The third Report & Order and declaratory ruling allows new attachers -- like cable broadband providers and Google Fiber -- to perform all the "simple" work of preparing and attaching the wires.
The ruling also declares in no uncertain terms that states and localities are prohibited from imposing moratoria on broadband buildouts.
The item codifies that new wires can overlash existing attachments to maximize the space available and regularizes the rate incumbents pay for attachments vs. cable and telco attachers.
The idea is to speed broadband deployments while ensuring the pole work is done safely. Fox example, complex connections or ones where the safety risks are greater, such as high up on a pole, will still be subject to multi-touches.
Ajit Pai, FCC chair, said pole attachments were one of the biggest barriers to broadband deployment, and that OTMR promises to "substantially" lower costs and reduce the time to attach. He likened the lack of OTMR to making separate round trips to the grocery store for each item on a shopping list.

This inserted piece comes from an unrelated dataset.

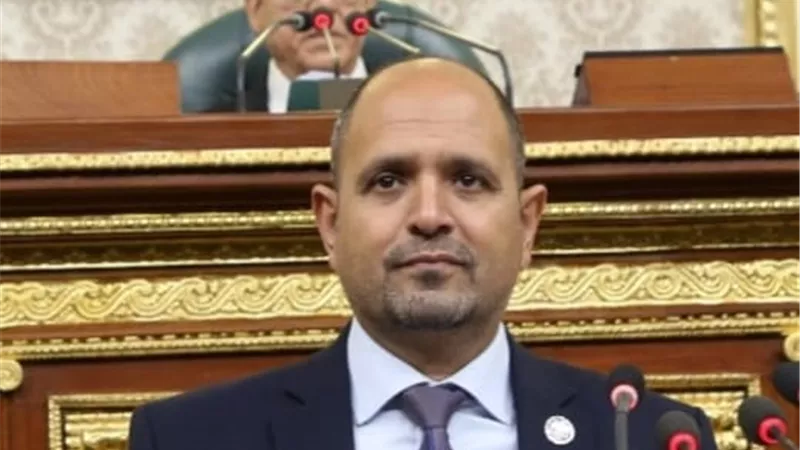 رئيس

He said nothing in the record supported requiring stronger indemnification for incumbent attachers, a potential negative impact on jobs, or arguments that existing attachers should be determining which attachments are simple vs. complex. Pai cited Google Fiber's opposition to all of those.
Commissioner Jessica Rosenworcel, who cast the partial dissent, said while she agreed with speeding attachment, she believes the FCC had rushed the item and run roughshod over important details, accepting too much ambiguity in definitions and processes. She said that would slow, rather than speed, deployment. She said the FCC could and should do more to protect jobs and safety, and provide more guidance to both attachers and the utility pole owners.
Commissioner Michael O'Rielly focused his comments like a laser, or more like a howitzer, on the moratoria.
He said there was universal agreement that broadband should be available to all Americans, but that a select group of states and localities were slowing the process to feed their ego, or increase their power or to collect "shakedown" bounties.
O'Rielly said he did not buy the argument that more time and cooperation was needed.
He said states had been on notice for decades that Congress did not like moratori, which he called an outrageous practice.
He said he knew the FCC's assertion of preemption, which the FCC said would be targeted and on a case-by-case basis, would be challenged in court, but he called those moratoria mindless delays and extortion, including digital inclusion funds that he called slush funds that raise costs to consumers.
Pai said there may be reasonable ways for states and localities to regulate buildouts, but blocking buildouts was not one.